A comemoração continuou com um vibrante ato cultural na rua em frente ao Teatro Verdi, do histórico bairro popular “La Boca”, acompanhado por centenas de militantes, amigos do Partido Comunista e gente do povo. Aí se apresentaram artistas comunistas e da esquerda argentina, da heroica resistência do povo argentino, às músicas, poesias, declarações de mães de presos e assassinados pela ditadura, com dedicação especial a Mercedes Sosa (falecida em 2009), comunista, cantada por uma dirigente e artista do PC da Argentina.

 

Como dirigente sindical comunista tive contato com o Partido Comunista da Argentina já há algum tempo e encontrei um partido em revigoramento, em reconstrução, forte unidade e com uma militância aguerrida, com crescente influência na juventude, no movimento operário/sindical e no movimento das mulheres.

O Partido Comunista, hoje como se apresenta, está em constante aprendizado, o que foi explicitado por Victor Kot numa rica intervenção em sessão do Comitê Central do PCA, com o título “Pela Libertação e o Socialismo”. Do qual abrange uma contribuição ao movimento comunista e que vale ressaltar algumas passagens:

Sobre sua identidade

“Nosso Partido se afirma no marxismo-leninismo, e desde ali é herdeiro e aspira a ser o continuador das melhores tradições patrióticas e latino-americanistas de nossa história. Guiamo-nos pelo legado ideológico e teórico de Marx, Engels e Lenin, e seu enriquecimento em particular com os aportes de Gramsci, Luxemburgo, Kollontay, Mariátegui, Mao, Ho Chi Minh, Guevara, Fidel Castro, entre outros. Reconhecemo-nos nas tradições revolucionárias de nosso povo, nas sublevações indígenas, na guerra de independência, no legado de San Martin, Artigas, Bolívar, e outros patriotas. Nas lutas operárias dos finais do século XIX e do século XX com suas grandes greves, na Reforma Universitária”, entre outras lutas históricas.

 

Assinala Vitor Kot, “somos um partido que reafirma a identidade revolucionária renovada em seu 16º Congresso, processo impulsionado por Athos Fava e por Patrício Echegaray, que jogaram papel preponderante, no qual, valorizando os acertos de nossa história e autocriticando com exemplar honestidade e franqueza nossos erros. Reformulamos nosso projeto político com o objetivo de pôr fim na dispersão do campo popular e reforçar, como vimos, dando valor ao processo de unidade do qual surja o bloco político e social da revolução”.

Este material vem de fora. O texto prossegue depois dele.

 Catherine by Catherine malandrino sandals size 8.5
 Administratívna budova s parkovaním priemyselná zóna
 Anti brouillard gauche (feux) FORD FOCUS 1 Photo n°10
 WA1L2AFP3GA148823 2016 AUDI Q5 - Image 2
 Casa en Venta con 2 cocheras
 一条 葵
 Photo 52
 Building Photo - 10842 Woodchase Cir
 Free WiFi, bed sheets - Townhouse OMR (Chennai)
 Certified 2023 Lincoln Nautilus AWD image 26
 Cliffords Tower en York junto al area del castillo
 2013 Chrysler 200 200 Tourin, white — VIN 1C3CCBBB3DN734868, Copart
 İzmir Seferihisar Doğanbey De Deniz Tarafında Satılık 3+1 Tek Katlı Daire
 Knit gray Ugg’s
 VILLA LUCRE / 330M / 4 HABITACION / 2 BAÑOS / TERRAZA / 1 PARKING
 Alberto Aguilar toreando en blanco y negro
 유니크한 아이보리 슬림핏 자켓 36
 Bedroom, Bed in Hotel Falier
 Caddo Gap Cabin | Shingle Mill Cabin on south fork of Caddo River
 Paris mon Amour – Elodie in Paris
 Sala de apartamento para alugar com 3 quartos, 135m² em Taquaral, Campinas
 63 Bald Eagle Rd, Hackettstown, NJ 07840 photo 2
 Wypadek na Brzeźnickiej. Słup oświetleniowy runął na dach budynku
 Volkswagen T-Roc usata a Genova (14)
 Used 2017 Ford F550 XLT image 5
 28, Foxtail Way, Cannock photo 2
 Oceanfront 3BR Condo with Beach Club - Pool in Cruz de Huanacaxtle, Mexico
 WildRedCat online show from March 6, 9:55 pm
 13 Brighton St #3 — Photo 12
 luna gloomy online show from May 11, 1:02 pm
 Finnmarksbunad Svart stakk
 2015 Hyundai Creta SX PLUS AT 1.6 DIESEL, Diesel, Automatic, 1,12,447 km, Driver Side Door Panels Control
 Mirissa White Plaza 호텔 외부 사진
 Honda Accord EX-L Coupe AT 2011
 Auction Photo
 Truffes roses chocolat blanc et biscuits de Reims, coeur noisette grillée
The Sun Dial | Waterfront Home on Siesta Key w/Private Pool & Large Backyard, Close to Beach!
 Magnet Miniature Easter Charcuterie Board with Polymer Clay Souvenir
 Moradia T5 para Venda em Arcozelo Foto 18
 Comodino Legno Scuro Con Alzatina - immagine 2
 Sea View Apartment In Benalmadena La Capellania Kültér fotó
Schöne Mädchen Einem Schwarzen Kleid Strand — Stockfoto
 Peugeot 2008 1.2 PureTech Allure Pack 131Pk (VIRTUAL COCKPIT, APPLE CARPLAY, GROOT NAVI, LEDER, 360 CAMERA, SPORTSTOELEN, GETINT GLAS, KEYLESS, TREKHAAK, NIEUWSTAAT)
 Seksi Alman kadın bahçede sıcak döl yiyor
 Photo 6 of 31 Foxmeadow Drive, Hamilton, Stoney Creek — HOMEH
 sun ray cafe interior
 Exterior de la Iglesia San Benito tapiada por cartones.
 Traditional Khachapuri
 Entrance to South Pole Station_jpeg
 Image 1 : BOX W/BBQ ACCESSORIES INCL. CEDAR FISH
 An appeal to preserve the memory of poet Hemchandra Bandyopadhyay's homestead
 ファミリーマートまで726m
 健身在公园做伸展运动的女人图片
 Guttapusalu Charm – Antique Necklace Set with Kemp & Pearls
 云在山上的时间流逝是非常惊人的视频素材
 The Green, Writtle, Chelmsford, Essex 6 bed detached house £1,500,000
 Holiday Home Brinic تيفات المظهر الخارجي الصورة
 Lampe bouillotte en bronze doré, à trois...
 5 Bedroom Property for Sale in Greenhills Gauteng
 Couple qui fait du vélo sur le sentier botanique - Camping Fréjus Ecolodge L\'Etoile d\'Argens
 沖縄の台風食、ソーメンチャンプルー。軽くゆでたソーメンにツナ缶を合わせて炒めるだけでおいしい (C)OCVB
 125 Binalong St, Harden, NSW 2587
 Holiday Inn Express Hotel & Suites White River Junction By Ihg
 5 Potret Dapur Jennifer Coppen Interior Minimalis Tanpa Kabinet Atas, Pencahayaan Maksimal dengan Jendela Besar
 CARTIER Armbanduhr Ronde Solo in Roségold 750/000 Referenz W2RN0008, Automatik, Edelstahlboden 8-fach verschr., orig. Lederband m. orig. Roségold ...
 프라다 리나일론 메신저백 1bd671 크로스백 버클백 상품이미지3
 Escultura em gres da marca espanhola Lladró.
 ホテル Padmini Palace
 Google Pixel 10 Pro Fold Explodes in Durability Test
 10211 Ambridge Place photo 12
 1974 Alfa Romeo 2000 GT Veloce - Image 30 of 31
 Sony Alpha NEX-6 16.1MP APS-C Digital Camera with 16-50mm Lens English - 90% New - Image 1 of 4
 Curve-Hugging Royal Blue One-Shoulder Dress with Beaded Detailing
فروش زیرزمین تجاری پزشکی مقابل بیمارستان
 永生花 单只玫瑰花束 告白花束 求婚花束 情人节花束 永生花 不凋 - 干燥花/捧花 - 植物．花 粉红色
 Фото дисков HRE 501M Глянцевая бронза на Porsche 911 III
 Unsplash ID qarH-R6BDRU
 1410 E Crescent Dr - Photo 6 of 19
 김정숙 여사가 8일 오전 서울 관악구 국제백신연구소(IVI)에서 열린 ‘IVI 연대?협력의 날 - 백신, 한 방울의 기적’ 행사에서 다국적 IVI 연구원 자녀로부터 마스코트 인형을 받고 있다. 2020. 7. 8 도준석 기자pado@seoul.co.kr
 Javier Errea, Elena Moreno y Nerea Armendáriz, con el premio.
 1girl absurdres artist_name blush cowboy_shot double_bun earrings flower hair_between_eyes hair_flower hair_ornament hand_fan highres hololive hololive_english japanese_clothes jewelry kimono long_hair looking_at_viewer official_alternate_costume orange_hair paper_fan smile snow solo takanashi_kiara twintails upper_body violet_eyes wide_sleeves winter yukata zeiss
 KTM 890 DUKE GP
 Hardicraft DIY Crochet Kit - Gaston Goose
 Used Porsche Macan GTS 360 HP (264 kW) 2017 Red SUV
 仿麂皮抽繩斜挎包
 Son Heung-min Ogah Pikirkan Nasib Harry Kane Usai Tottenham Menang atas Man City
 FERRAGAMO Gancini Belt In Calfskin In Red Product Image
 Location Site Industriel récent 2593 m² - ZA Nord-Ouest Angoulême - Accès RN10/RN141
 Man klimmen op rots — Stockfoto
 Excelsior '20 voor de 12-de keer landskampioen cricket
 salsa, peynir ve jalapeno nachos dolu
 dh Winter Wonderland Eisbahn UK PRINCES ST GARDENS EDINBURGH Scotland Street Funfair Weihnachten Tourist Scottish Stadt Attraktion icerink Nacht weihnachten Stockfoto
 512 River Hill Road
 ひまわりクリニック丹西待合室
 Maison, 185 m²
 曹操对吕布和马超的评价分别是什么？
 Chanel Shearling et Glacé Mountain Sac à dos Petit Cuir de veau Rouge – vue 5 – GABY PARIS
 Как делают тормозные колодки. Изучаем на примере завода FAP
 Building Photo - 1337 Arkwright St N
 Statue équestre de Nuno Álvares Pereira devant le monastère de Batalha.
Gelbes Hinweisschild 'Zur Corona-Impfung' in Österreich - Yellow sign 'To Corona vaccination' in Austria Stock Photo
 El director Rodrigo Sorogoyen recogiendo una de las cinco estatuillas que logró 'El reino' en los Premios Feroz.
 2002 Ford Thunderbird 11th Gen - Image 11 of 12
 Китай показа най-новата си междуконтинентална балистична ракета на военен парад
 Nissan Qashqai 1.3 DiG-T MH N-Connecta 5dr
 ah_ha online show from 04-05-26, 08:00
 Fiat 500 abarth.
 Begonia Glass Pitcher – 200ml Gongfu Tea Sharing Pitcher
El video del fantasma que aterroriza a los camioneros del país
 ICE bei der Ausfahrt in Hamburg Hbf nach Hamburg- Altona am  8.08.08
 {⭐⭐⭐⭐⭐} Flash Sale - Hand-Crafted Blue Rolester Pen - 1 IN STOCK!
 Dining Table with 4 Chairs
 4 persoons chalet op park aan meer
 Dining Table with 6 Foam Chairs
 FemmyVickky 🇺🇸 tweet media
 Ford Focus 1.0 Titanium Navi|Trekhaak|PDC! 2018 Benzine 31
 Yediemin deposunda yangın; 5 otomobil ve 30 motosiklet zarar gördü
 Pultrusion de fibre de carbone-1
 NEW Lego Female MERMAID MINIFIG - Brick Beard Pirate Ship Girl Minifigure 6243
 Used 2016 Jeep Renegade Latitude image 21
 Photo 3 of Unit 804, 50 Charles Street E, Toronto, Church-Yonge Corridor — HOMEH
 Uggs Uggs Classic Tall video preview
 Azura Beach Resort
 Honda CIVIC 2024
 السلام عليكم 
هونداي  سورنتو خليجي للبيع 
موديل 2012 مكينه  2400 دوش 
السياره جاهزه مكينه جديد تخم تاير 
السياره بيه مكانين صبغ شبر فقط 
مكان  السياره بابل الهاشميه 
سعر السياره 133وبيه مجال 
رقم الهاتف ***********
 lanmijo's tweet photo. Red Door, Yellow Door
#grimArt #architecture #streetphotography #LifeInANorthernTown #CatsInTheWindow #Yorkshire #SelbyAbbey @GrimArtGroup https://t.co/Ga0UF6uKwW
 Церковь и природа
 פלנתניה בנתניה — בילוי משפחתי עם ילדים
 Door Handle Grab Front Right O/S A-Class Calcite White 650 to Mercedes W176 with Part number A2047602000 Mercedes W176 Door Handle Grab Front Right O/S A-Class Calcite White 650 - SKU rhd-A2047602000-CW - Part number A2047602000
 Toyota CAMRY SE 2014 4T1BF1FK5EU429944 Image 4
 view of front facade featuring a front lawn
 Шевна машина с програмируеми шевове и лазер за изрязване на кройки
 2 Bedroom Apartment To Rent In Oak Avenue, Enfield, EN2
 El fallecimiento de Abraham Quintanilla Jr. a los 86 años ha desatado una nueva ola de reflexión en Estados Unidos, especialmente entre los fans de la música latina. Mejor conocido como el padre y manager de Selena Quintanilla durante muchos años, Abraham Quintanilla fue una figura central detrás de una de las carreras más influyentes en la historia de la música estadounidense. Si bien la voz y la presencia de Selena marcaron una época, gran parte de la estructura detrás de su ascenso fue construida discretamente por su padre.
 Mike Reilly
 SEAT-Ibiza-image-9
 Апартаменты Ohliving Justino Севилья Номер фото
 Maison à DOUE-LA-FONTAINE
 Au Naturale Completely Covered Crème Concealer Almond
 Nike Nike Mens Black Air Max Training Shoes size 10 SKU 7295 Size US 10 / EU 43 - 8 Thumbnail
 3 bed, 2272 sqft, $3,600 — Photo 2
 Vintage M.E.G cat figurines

Define Victor: “Nossa luta se insere na luta geral dos povos do mundo contra o neoliberalismo, expressão atual do capitalismo mundial e hegemônico, contra a vocação ‘guerrerista’ do imperialismo, pela independência nacional e o socialismo”.

Victor Kot analisa a fase histórica em que vivemos: “Chegamos aos nossos primeiros 100 anos de história enfrentando a maior crise conhecida na história do mundo capitalista, uma crise civilizatória, como caracterizou Fidel Castro, que inclui aspectos financeiros, energéticos, culturais e econômicos, que se manifestam dramaticamente em termos humanitários, ambientais, alimentares, pondo em risco a sobrevivência mesma da humanidade”.

Enfatiza como uma longa etapa de degradação capitalista que aprofundará o caos neoliberal das últimas décadas. “Devemos prestar atenção ao conceito de decadência, pois não se deve ter uma visão determinista e sim como um grande processo de sinal aberto sobre o qual devemos operar e que só poderá ter um resultado favorável para a humanidade se as forças de esquerda e progressistas se unirem e atuarem com racionalidade revolucionária”.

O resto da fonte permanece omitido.